(Prompt): Look through the records below for the line holding "Comfortable living room". Write it out exactly, with each following line through the line holding "GE XL44 Self".

(Source records):
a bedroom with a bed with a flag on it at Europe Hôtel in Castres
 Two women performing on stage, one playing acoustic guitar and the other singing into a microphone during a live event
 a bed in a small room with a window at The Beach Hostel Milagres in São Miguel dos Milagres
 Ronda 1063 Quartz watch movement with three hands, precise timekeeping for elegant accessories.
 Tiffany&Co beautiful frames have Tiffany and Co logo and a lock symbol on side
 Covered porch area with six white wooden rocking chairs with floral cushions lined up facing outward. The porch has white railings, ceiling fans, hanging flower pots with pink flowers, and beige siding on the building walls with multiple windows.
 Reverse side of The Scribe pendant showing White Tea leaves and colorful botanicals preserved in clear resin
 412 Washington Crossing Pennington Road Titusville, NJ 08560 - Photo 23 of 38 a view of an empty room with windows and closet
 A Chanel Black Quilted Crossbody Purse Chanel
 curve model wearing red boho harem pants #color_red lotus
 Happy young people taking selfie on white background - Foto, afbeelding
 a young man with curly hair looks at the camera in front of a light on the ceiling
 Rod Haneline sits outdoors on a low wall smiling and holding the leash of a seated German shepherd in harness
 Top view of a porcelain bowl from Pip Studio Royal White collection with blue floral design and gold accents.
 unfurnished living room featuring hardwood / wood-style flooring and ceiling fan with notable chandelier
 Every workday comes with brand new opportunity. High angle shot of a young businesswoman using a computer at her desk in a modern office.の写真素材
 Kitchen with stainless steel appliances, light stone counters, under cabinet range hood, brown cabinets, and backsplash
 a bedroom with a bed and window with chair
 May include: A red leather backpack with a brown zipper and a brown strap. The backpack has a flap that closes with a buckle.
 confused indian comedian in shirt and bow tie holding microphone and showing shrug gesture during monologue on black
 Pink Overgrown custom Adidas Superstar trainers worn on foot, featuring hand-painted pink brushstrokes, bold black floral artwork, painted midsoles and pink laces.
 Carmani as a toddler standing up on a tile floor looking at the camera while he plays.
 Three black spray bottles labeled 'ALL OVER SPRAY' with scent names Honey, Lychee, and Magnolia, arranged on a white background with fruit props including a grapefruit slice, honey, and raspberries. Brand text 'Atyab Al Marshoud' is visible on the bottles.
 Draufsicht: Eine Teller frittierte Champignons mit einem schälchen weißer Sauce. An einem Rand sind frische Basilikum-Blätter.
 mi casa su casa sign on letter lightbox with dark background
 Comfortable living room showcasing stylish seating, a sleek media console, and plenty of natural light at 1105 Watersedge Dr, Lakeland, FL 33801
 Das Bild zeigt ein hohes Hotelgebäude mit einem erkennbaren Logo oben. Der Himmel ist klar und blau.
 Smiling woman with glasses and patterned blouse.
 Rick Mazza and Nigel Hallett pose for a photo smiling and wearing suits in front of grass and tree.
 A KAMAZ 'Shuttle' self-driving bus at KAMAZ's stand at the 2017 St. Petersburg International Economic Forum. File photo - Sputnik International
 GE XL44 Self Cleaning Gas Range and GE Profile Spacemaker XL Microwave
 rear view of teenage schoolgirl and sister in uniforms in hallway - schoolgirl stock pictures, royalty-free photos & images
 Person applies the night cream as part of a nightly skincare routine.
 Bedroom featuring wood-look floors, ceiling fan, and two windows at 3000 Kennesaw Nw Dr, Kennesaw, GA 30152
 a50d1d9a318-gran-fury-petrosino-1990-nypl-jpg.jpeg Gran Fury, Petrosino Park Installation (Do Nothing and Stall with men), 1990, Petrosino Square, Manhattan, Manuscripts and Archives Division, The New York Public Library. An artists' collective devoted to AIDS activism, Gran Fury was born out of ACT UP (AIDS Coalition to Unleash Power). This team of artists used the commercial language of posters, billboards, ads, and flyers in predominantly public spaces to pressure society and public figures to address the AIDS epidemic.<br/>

(Answer):
 Comfortable living room showcasing stylish seating, a sleek media console, and plenty of natural light at 1105 Watersedge Dr, Lakeland, FL 33801
 Das Bild zeigt ein hohes Hotelgebäude mit einem erkennbaren Logo oben. Der Himmel ist klar und blau.
 Smiling woman with glasses and patterned blouse.
 Rick Mazza and Nigel Hallett pose for a photo smiling and wearing suits in front of grass and tree.
 A KAMAZ 'Shuttle' self-driving bus at KAMAZ's stand at the 2017 St. Petersburg International Economic Forum. File photo - Sputnik International
 GE XL44 Self Cleaning Gas Range and GE Profile Spacemaker XL Microwave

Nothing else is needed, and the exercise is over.